(Pictures with short captions)

• • • • •

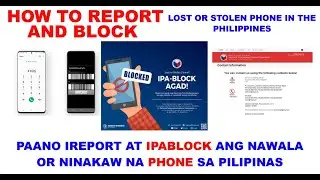 HOW TO REPORT AND BLOCK LOST OR STOLEN PHONE IN NTC | PAANO IREPORT AT IPABLOCK ANG PHONE SA NTC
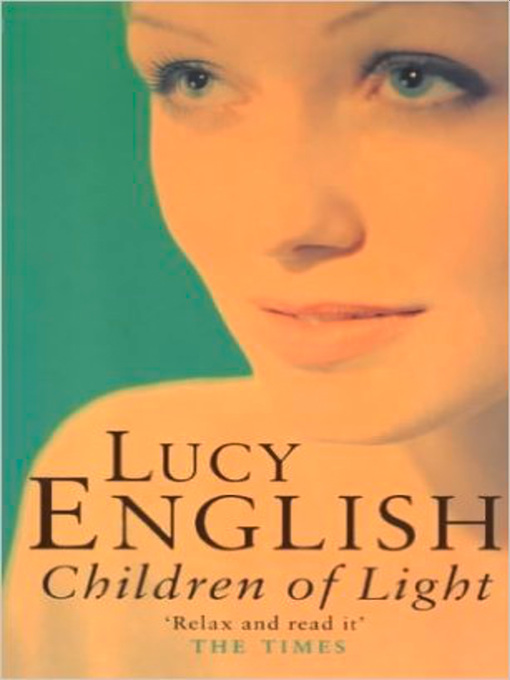 Title details for Children of Light by Lucy English - Available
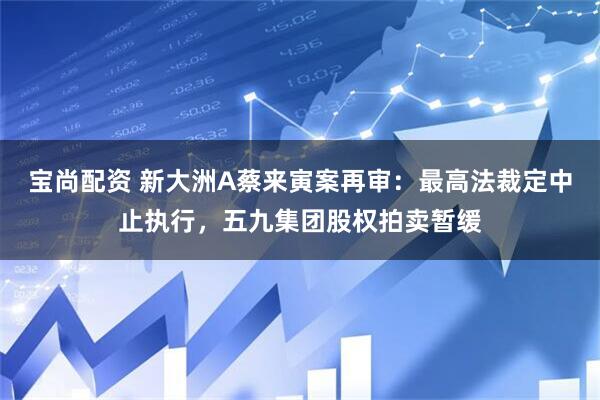 宝尚配资 新大洲A蔡来寅案再审：最高法裁定中止执行，五九集团股权拍卖暂缓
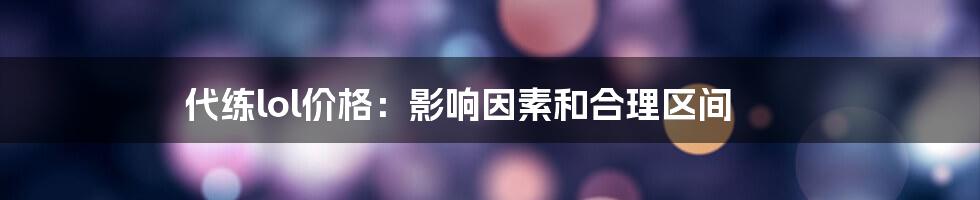 代练lol价格：影响因素和合理区间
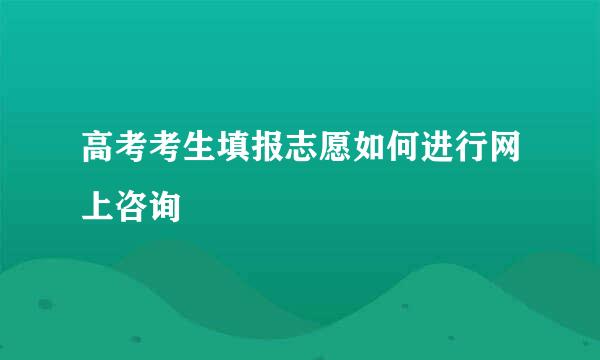 高考考生填报志愿如何进行网上咨询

• • • • •

(Task details)
Pictures stay out. Return exactly the lines from the one with "Title details for" through the last line of the data.

(Output for this task)
 Title details for Children of Light by Lucy English - Available
 宝尚配资 新大洲A蔡来寅案再审：最高法裁定中止执行，五九集团股权拍卖暂缓
 代练lol价格：影响因素和合理区间
 高考考生填报志愿如何进行网上咨询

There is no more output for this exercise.